Editorial: Should the nomination process for Supreme Court justices be changed?


Supreme Court Justice Antonin Scalia was found dead on Feb. 13 at a ranch in West Texas, where he was a guest. Scalia, 79, was a prominent conservative member of the court, and was well-known for his tendency to be outspoken. There is currently an open seat in the Supreme Court, and a successor has yet to be nominated.

Whether nominating a successor would result in Senate confirmation is hard to say. Soon after the news of Scalia’s death reached Washington, Republican Senate Majority Leader Mitch McConnell, R-Ky., was quick to say that the Senate would block any attempt to fill the seat by President Obama. The filling of Supreme Court seats is an executive duty outlined in the Constitution. Republican Sen. and presidential hopeful Ted Cruz made the claim that an 80-year precedent of no appointments during election years should keep the president from nominating a new justice. Unfortunately, this is untrue — Reagan nominated Justice Anthony Kennedy in 1987, and the Senate confirmed him in 1988, an election year.

Whether the president should be “allowed” to fill the spot is a weak argument. Not only is it constitutional law and no precedent exists that dictates he should act otherwise, but the American people voted Obama into office twice. That includes 2016, and thus the American people have had their say in the appointment of the next Supreme Court justice.

The politicizing of the highest court in the United States has left many questioning the term limits of Supreme Court justices, who serve until death or resignation. It’s an immense power given to the executive, given the legislative capabilities of judicial review. A president who is lucky enough to appoint a new justice is wielding power in the long-term course of the nation. For example, this year’s docket includes the future of abortion, race-based admissions to universities, and public unions. There could be benefits in taking the power of nominating and appointing judges from the executive and legislative branches to the people, with term limits and elections.

There are inherent problems in this possible solution, however. One important reason life terms exist is that they shelter judges from the influence of public opinion. This allows for judges to make rulings based solely on the law, not on how they think it will help them in the next election cycle. The Supreme Court has a long history of making unpopular decisions that seem obvious today. Until 1967, it was legal for states to outlaw interracial marriages. The states that constituted the Confederacy all had laws banning interracial marriage up to that point, and the decision was very unpopular, especially in the South, at that time.

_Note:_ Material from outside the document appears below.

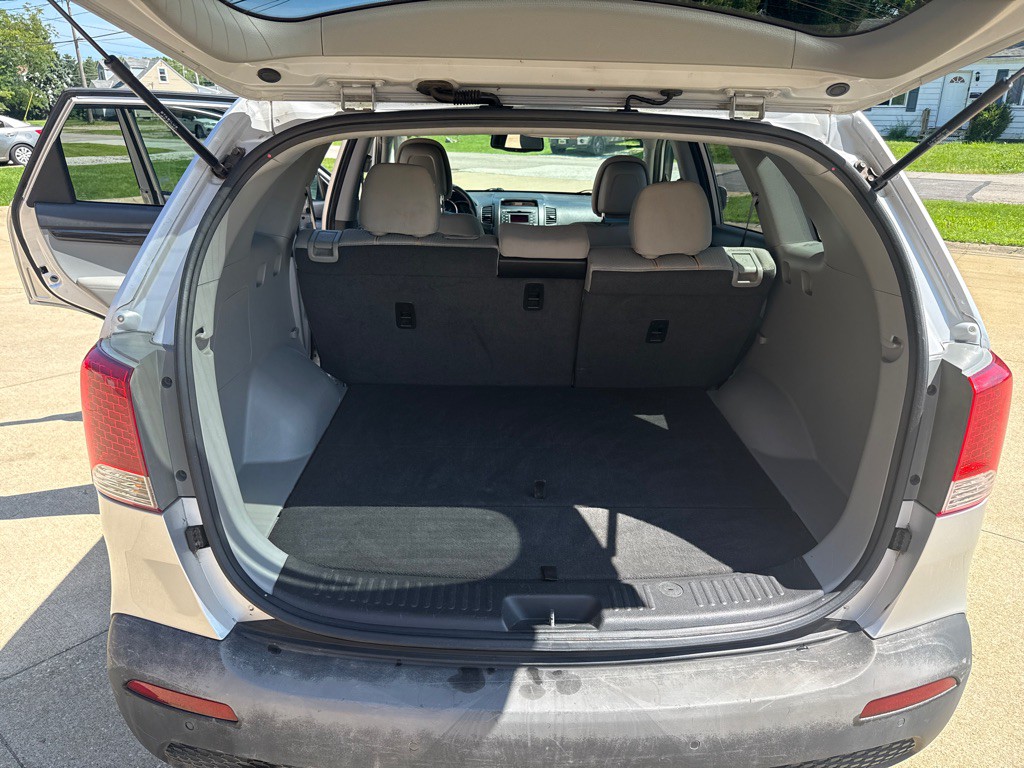 2011 Kia Sorento Image 16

We’ve seen the negative implications of elected judges here in Iowa. After the ruling that legalized gay marriage in Iowa, three justices lost their posts in the next election, an extremely rare event. That they ruled in a way that was unpopular to a sizable and vocal population is commendable, but that isn’t the reality of politics today.

The Daily Iowan Editorial Board believes that the GOP-controlled Congress should move past obstructionist mentalities and appoint a suitable nomination from the president. However, that doesn’t mean we shouldn’t be open to changing this system. The power of justices, and of the presidents appointing them, has grown immensely since the writing of the Constitution and the creation of “judicial review.” Moving forward, a constitutional amendment incorporating a term limit without chance of reappointment could be helpful in scaling back the power of the executive and judicial branches.